June 21, 2010), aff’g No. A099 687 201 (Immig. Ct. N.Y. City
July 9, 2008). We assume the parties’ familiarity with the
underlying facts and procedural history of the case.
Under the circumstances of this case, we have considered
the IJ’s decision as modified by the BIA decision. See Xue
Yong Hang v. U.S. Dep’t of Justice, 426 F.3d 520, 522 (2d Cir.
2005). The applicable standards of review are well-
established. 8 U.S.C. § 1252(b)(4)(B); Aliyev v. Mukasey, 549
F.3d 111, 115 (2d Cir. 2008).
Here, substantial evidence supports the agency’s
conclusion that Dong was not entitled to asylum or withholding
because he failed to demonstrate either that he had been
2
persecuted, or that he had a well-founded fear of persecution,
under China’s coercive family planning policy. The fact that
Dong’s wife was forced to undergo an abortion is not
sufficient to entitle Dong to asylum or withholding of
removal. See Shi Liang Lin v. U.S. Dep’t of Justice, 494 F.3d
296, 313 (2d Cir. 2007). Rather, in order to establish
eligibility for asylum and withholding of removal on this
basis, Dong must demonstrate that he has been, or will be,
persecuted on the basis of other resistance to the coercive
family planning policies. Id.
Dong argues that conceiving a child in violation of the
family planning policies constitutes other resistance. He did
not, however, raise this argument to the BIA, where he argued
only that he was entitled to relief on the basis of his wife’s
involuntary abortion. Accordingly, because Dong failed to
raise this issue in his brief to the BIA, and because the
Government has raised that failure to exhaust in its brief to
this Court, we decline to consider Dong’s argument that
impregnating his wife in violation of the family planning
policies constitutes other resistance sufficient to entitle
him to asylum and withholding of removal. See Lin Zhong v.

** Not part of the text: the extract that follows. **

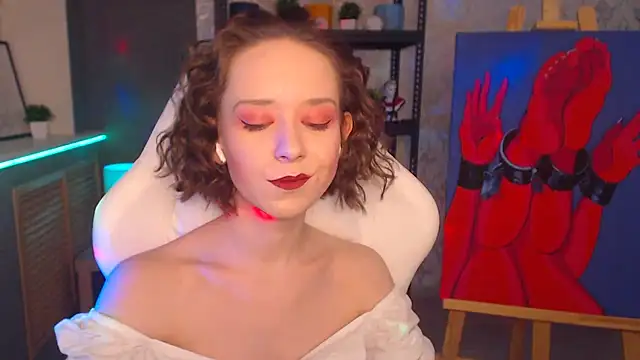 FascinatingEyess online show from 12-22-24, 06:48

U.S. Dep’t of Justice, 480 F.3d 104, 119-20 (2d Cir 2007);
Foster v. INS, 376 F.3d 75, 78 (2d Cir. 2004).
3
Dong also argues that the fine imposed on his family
after his wife’s abortion constitutes persecution on the basis
of a protected ground. Nothing in the record, however,
compels this conclusion. Rather, Dong’s testimony
demonstrated that the fine was imposed before he fought with
family planning officials, and, thus, was not on account of
Dong’s resistance to the family planning policies, but,
rather, merely because the couple had violated the policies.

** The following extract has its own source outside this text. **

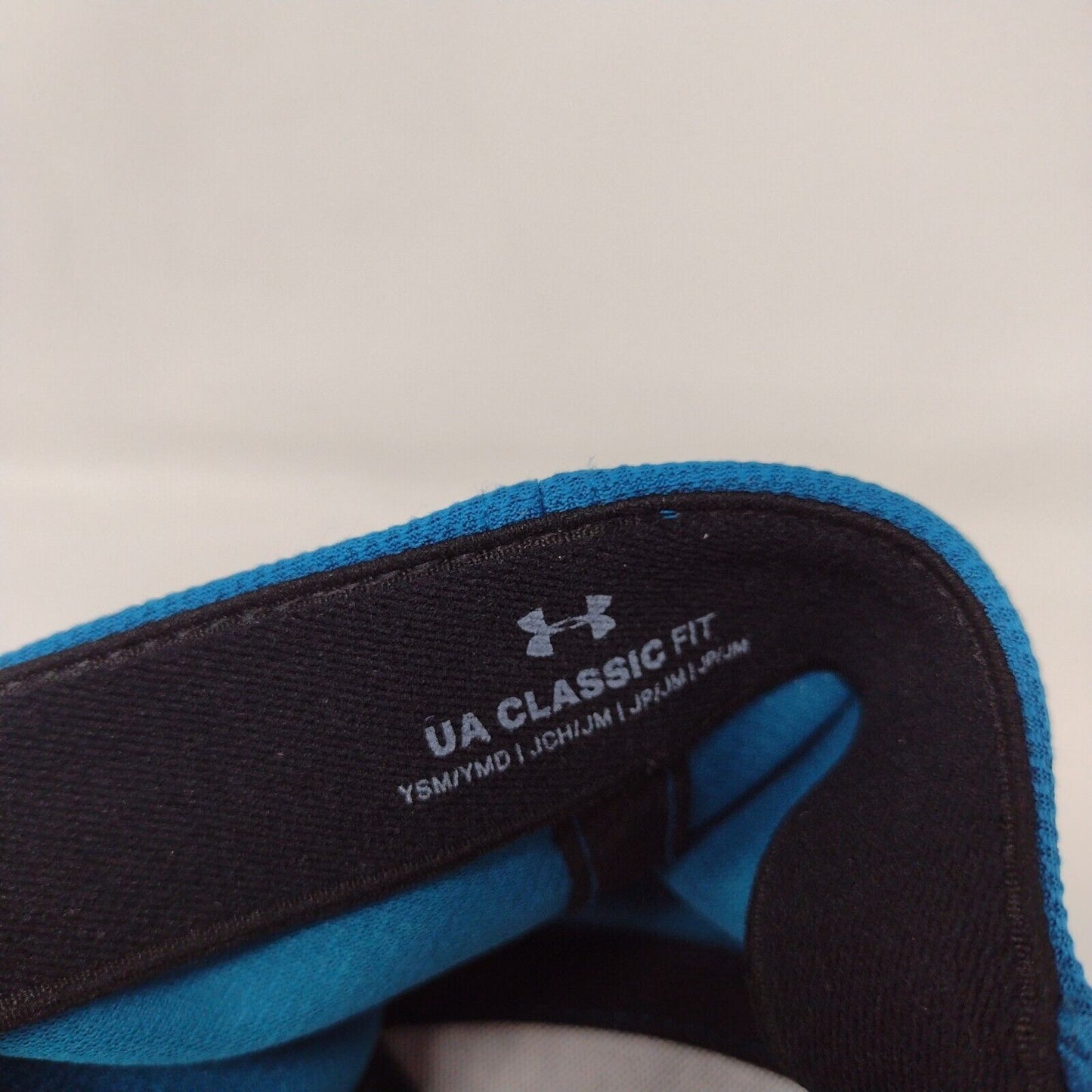Under Armour Fitted Hat Blue Youth S/M Embroidered Classic Fit Solid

See Shi Liang Lin, 494 F.3d at 313. Accordingly, the agency
did not err in finding that Dong failed to demonstrate the
nexus to a protected ground required to establish his
eligibility for asylum and withholding of removal. See
8 U.S.C. § 1158(b)(1)(B)(i); 8 U.S.C. § 1231(b)(3)(A).
Even assuming Dong’s altercation with authorities was
“other resistance,” the agency reasonably concluded that Dong
had failed to establish that he was persecuted as a result, as
he was neither detained nor physically mistreated. See
Ivanishvilli v. U.S. Dep’t of Justice, 433 F.3d 332, 341 (2d
Cir. 2006) (noting that harm must rise above “mere harassment”
to constitute persecution); Matter of Acosta, 19 I. & N. Dec.
211, 222 (BIA 1985) (defining persecution as a “threat to the
life or freedom of, or the infliction of suffering or harm
4
upon, those who differ in a way regarded as offensive”),
overruled, in part, on other grounds, INS v. Cardoza-Fonseca,
480 U.S. 421 (1987). Similarly, Dong failed to establish a
fear of future persecution. Other than his testimony that he
feared arrest on the basis of his confrontation with the
officials, Dong offered no evidence that he would be arrested,
detained or otherwise harmed if returned to China. Absent
“solid support” in the record that his fear is objectively
reasonable, Dong’s claim of future persecution is “speculative
at best.” Jian Xing Huang v. U.S. INS, 421 F.3d 125, 129 (2d
Cir. 2005). Therefore, as the agency reasonably found that
Dong failed to demonstrate either past persecution or a well-
founded fear of future persecution, it did not err by denying
his applications for asylum, withholding of removal, and CAT
relief. See 8 C.F.R. § 1208.13(b)(2)(iii); 8 C.F.R.
§ 1208.16(b)(2)(i); see also Paul v. Gonzales, 444 F.3d 148,
156 (2d Cir. 2006).
For the foregoing reasons, the petition for review is
DENIED. As we have completed our review, the pending motion
for a stay of removal in this petition is DISMISSED as moot.